Icon is one of the world’s leading architecture and design magazines. Every month we interview the most exciting architects and designers in the world, visit the best new buildings, analyse the most interesting new cultural movements and technologies, and review an eclectic range of exhibitions, books, products and films. Beautifully presented and accessible, rigorous and insightful, Icon shows you exactly what’s happening in architecture and design today, and what it means for the future.
Issue 171: IF_DO, V&A extension, Matylda Krzykowski, Nanjing exhibition centre, 100 years of Finnish design.
Our latest issue takes you from London’s cultural and property sector to China’s efforts to lead the global conversation about the environment.
After years of wrangling, the wraps have finally come off the Exhibition Road Quarter of the Victoria & Albert museum. The eagerly anticipated project is a good deal more retiring when compared to American architect Daniel Libeskind’s 2007 proposal for the site, but is nevertheless only a partial success.

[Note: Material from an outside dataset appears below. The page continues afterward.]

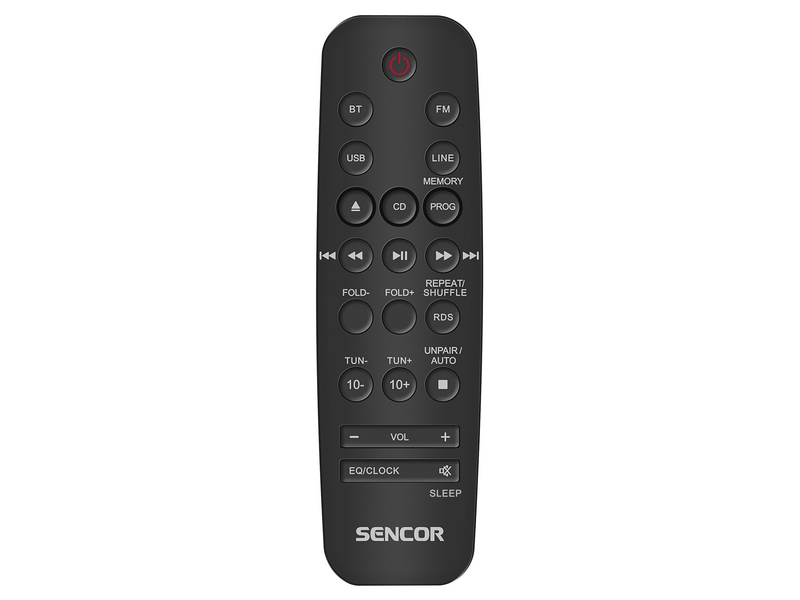 Sencor SMC 4300BR Mikro-Hifi rendszer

The interior is quite wonderful, while the exterior seems to have stumbled on both finish and form. Elsewhere in this issue, we turn our attention to London’s property market and how the highly touted ‘new London vernacular‘, beloved by a certain section of British architecture, can be read as a metaphor for profit – through the marketing material and its references to the warehouse loft apartments of Shoreditch and New York.
Altogether less cynical is exciting new London-based practice IF_DO, which won plaudits during this year’s London Architecture Festival, with a dramatic mirrored pavilion in Dulwich. Further afield, China’s seems to be usurping the United States as a world leader in environmental concerns, with the current US president leaving the Paris climate change agreement. With this in mind, we examine one of China’s urban eco-islands in Nanjing designed by Seattle-based practice NBBJ and find that the architect’s ambitions will likely be compromised by the wider masterplan.